Cowherd took over for Tony Kornheiser a couple of years ago (which started things off on the wrong foot immediately - Kornheiser was the last worthwhile thing on the network). He's big on college football, which he knows one iota more about than every other sport there is in the world; this of course brings him to a grand total of one iota. His show isn't so much a sports show as it is the rantings of an amateur psychologist applied to sports. Every subject is dealt with in terms of the psychological impact it will have "in the locker room" or "among the front office" or "on the hundreds of mental institution 'wards of the state' who actually listen to this terrible show". Sports aren't played on the field, with bats and balls and goalposts - they're played solely within the minds of grown men who are incapable of doing their job to any reasonable degree unless they're constantly given positive reinforcement, like cookies and juice boxes.
I didn't catch the entire discussion today, but I'm fairly certain that Colin suggested, not that Greg Maddux SHOULD be the NL Cy Young, but that he should be given consideration for it by the voters. The Dodgers of course have been on a tear recently, winning 11 straight, and many of these wins came after the Dodgers acquired Maddux. Cowherd reached the perfectly reasonable conclusion that it was the acquisition of Maddux that allowed the Dodgers to believe that they were capable of winning, setting them off on their current streak, and that if they take the division it will be because of the locker room presence of Maddux. Only replace the word "reasonable" with "batshit insane". That's unfair to Colin actually; I don't think he's insane, just monstrously stupid.

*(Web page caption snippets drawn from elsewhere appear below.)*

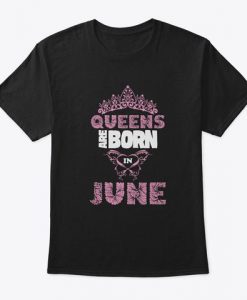 queens are born in june t shirt Ad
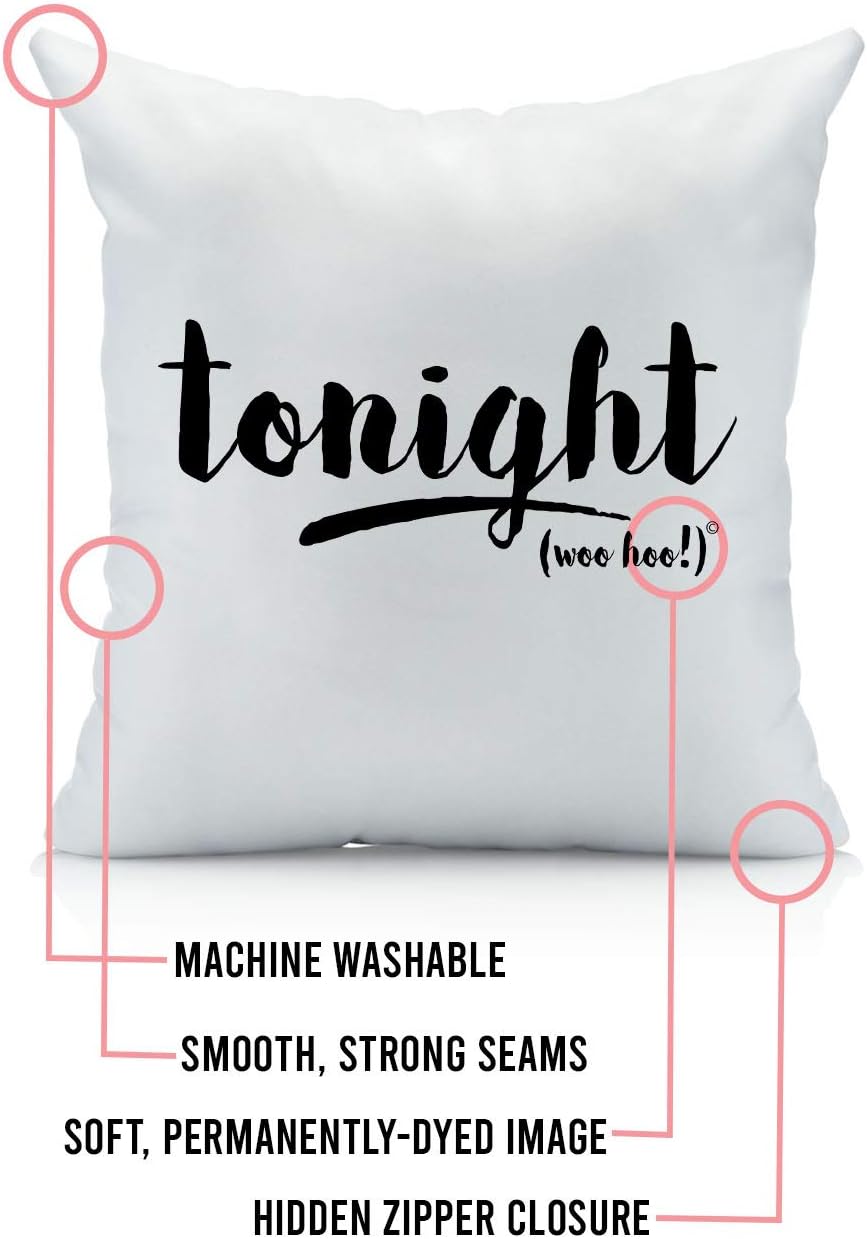 Oh, Susannah Tonight Not Tonight Reversible Pillowcase, Bridal Shower Gift (18x18 in)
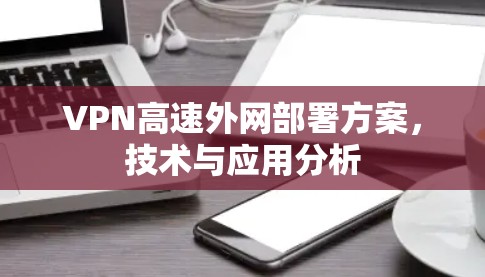 VPN高速外网部署方案，技术与应用分析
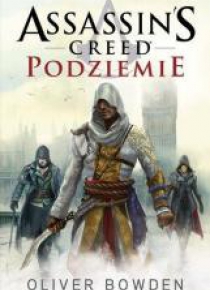 Assassin's Creed. Podziemie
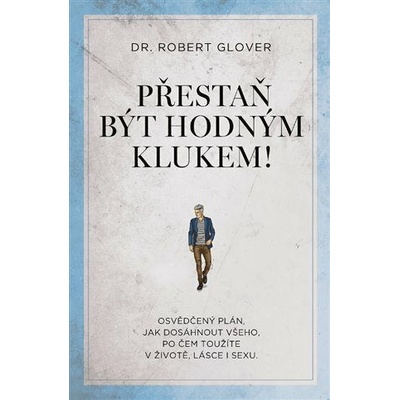 Přestaň být hodným klukem! - Osvědčený plán, jak dosáhnout všeho, po čem toužíte v životě, lásce i s - Glover Robert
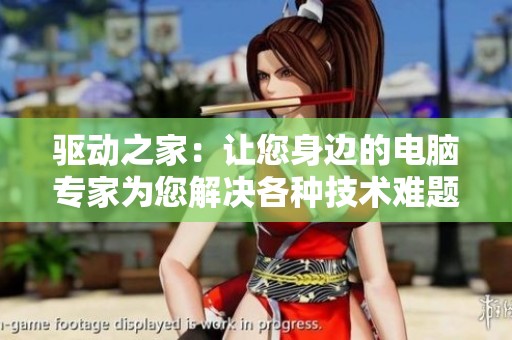 驱动之家：让您身边的电脑专家为您解决各种技术难题
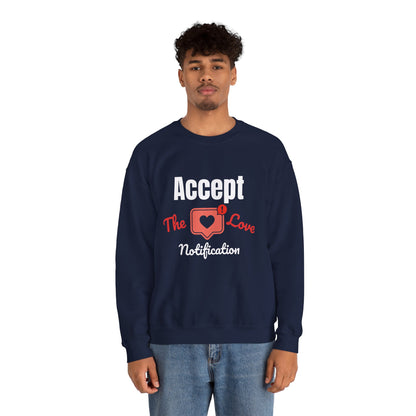 Accept The Love Notification | Sweatshirt
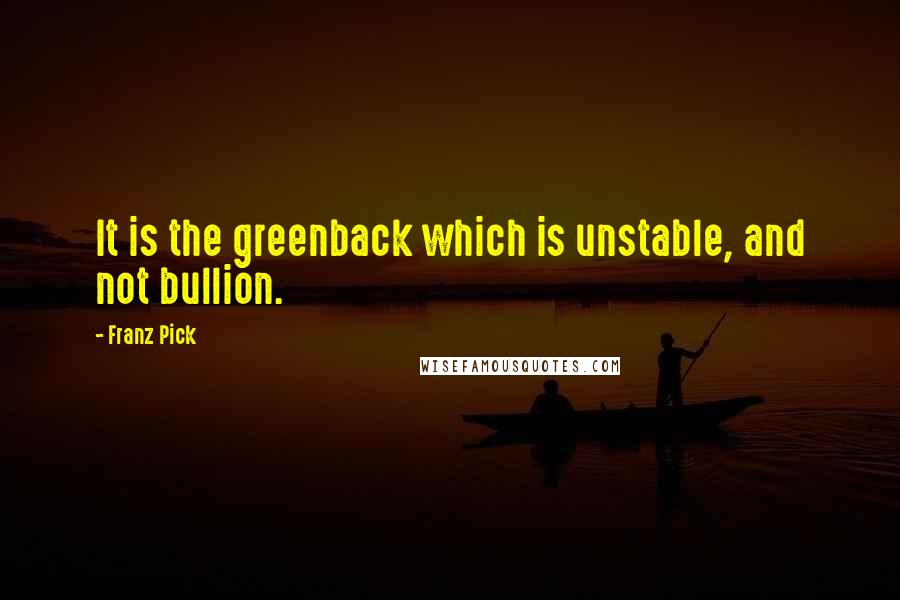 Franz Pick Quotes: It is the greenback which is unstable, and not bullion.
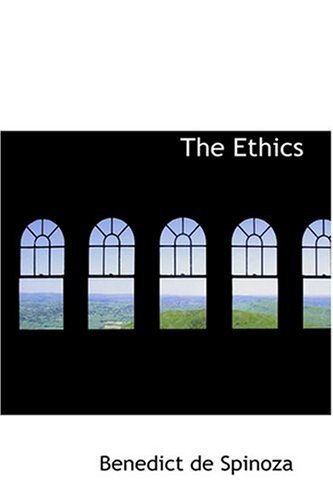 The Ethics - Benedict De Spinoza - Böcker - BiblioLife - 9780554307572 - 18 augusti 2008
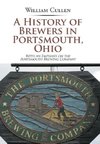 A History of Brewers in Portsmouth, Ohio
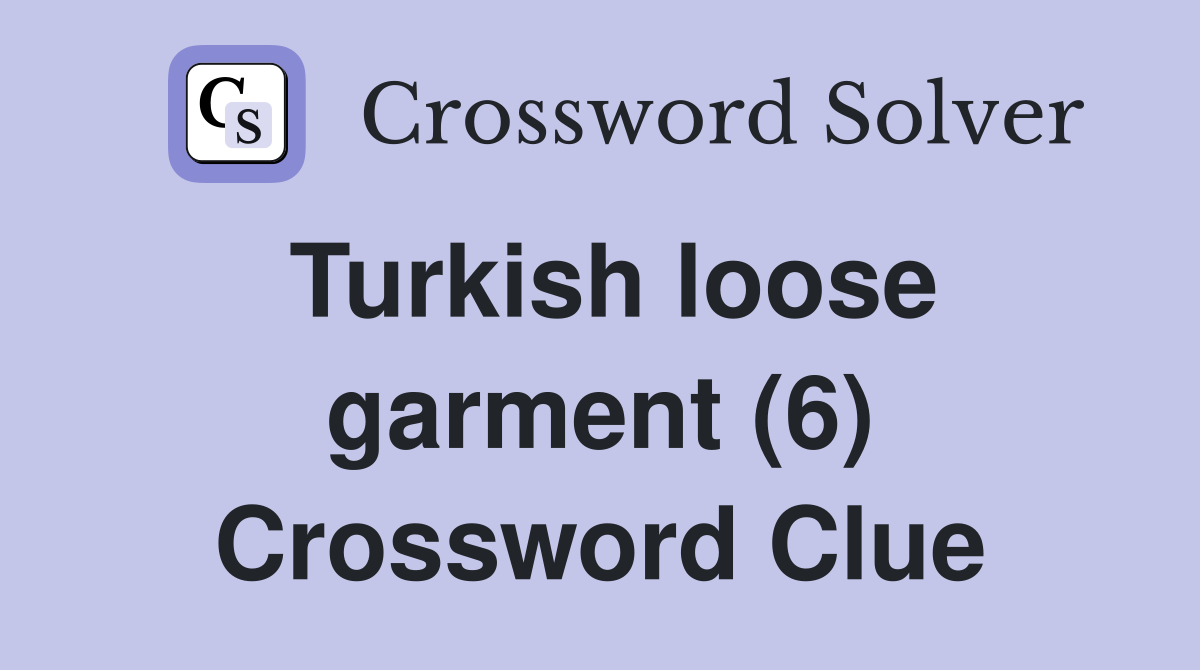 Turkish loose garment (6) Crossword Clue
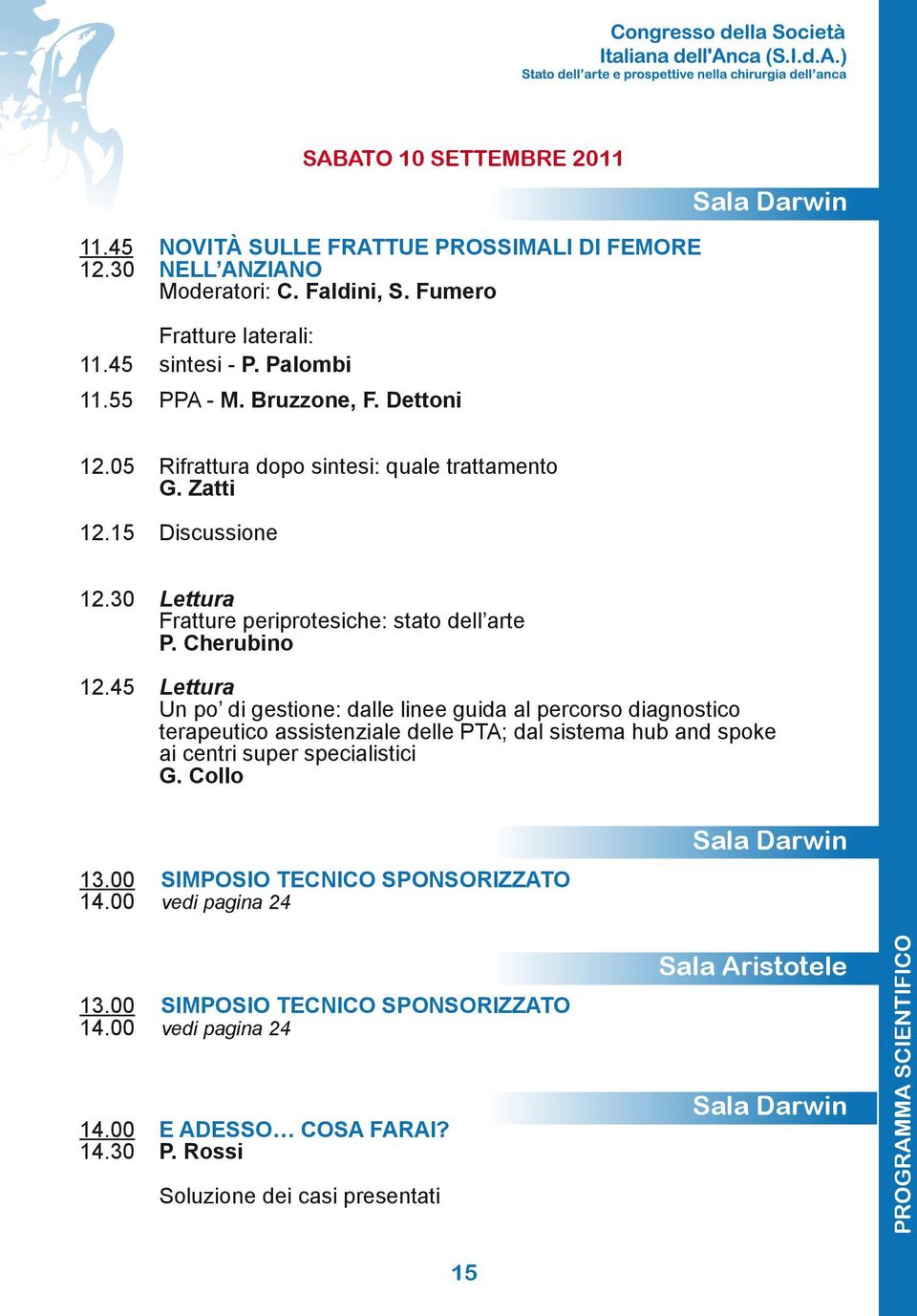 45 Lettura Un po di gestione: dalle linee guida al percorso diagnostico terapeutico assistenziale delle PTA; dal sistema hub and spoke ai centri super specialistici G. Collo 13.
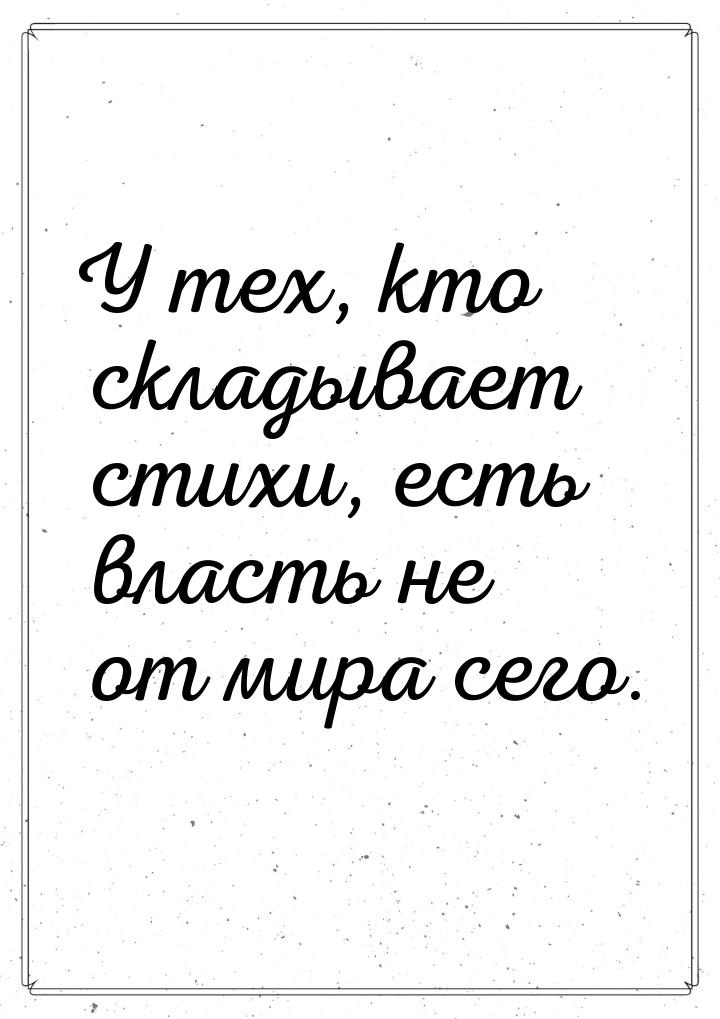 У тех, кто складывает стихи, есть власть не от мира сего.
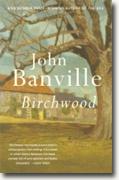 *Birchwood* by John Banville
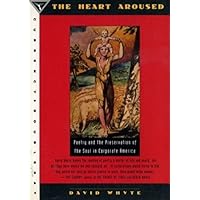 The Heart Aroused - Poetry And The Preservation Of The Soul In Corporate America The Heart Aroused - Poetry And The Preservation Of The Soul In Corporate America Kindle Hardcover Audio CD Paperback
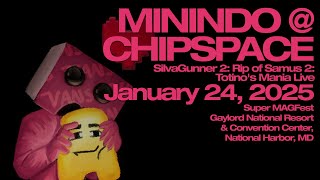 MININDO @ MAGFest 2025 SiIvaGunner Chipspace set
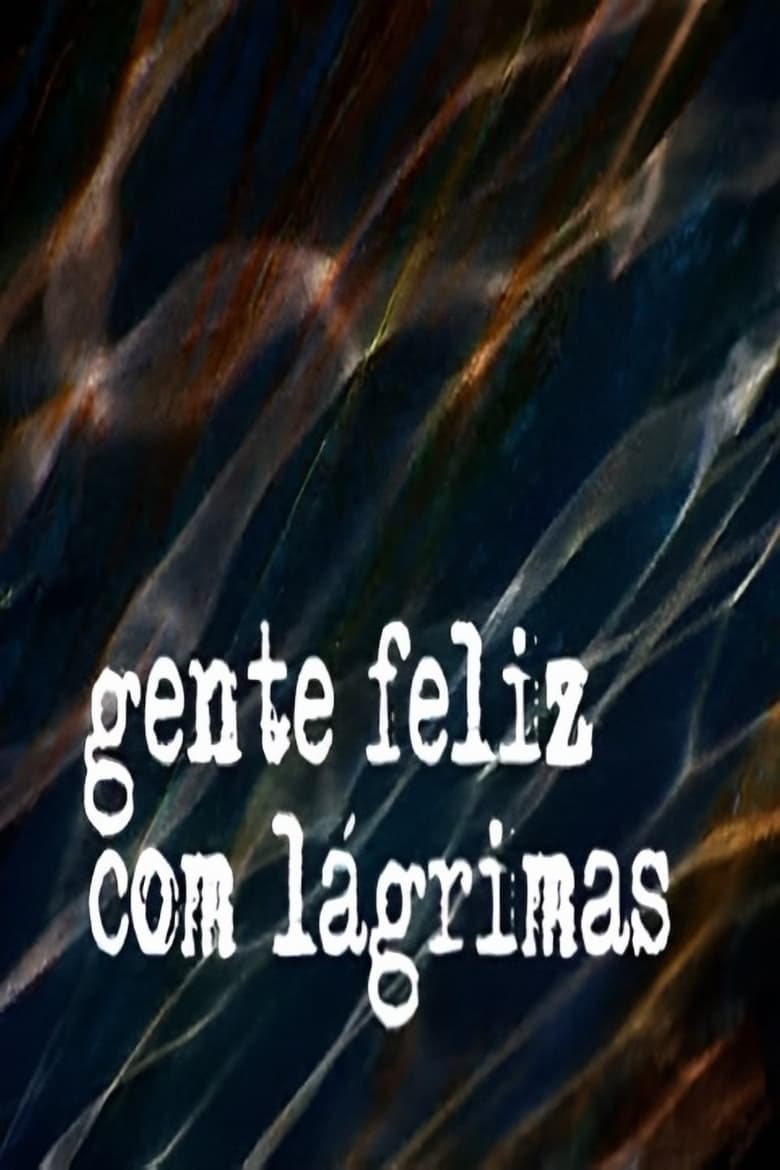 Poster of Gente Feliz com Lágrimas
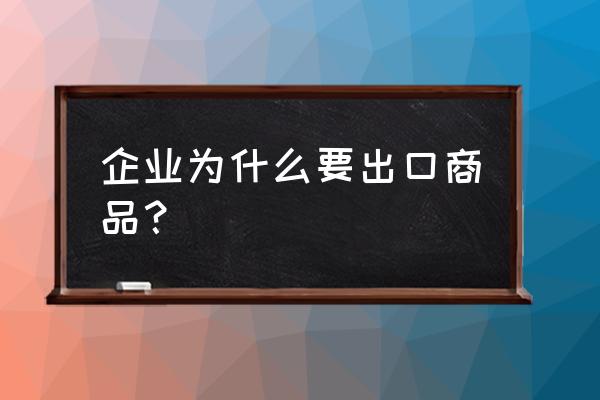 出口商品啥意思 企业为什么要出口商品？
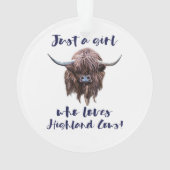 スコットランドの高地牛を愛するちょうど女の子 オーナメント (裏面)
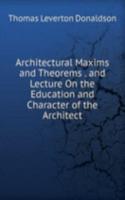 Architectural Maxims and Theorems . and Lecture On the Education and Character of the Architect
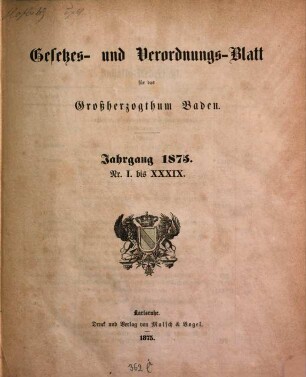 Gesetzes- und Verordnungs-Blatt für das Großherzogthum Baden. 1875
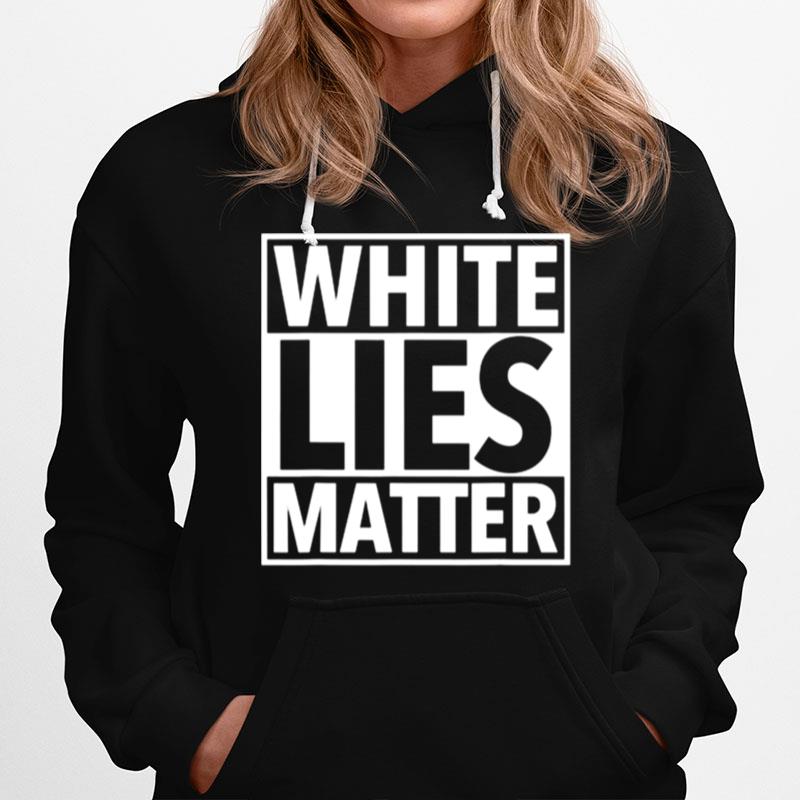 White Lies Matter Hoodie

Whoever the monkey was who he was having this discussion with (not a caller, some "expert") agreed with Colin, or at least didn't violently disagree with him and threaten to murder his children if he didn't stop being so goddamn stupid like any reasonable human being would do. Why is it that 95% of the people who write blogs and post about sports on the internet can understand the difference between coincidence and causality, but the majority of newspaper writers, talk radio and other "mainstream" sports commentators sound like the Catholic Church circa 800 AD?
3 Comments:
I agree Cowherd is beyong worthless. A friend of mine is a sportstalk host in Baton Rouge and was a guest in the only decent segment on the show. Spanning the globe. this is during the NCAA tourney
Cowherd goes to " Baton Rouge, football country, where football is the number one sportand spring football is #2. How do the Tigers look going into the Sweet 16?
My friend. "Colin I don't know I've been overwatching Spring football practice."
You then hearabout 3 seconds of dead air.
My friend. "Im kidding Colin...."
he was not invited back...
KANN
I agree with him, and Wilson betemit should get the MVP for the same absolutely ridiculous reasoning.
You're right, Spanning the Globe is the only decent segment; it's the only time when the show is actually about sports and not strippers and Vegas and psychosomatic illnessess (actually, Cowherd and Simmons have quite a bit in common, not the least of which is an inflated sense of their own importance). At least someone managed to call him out on his bullshit, even if it was only once.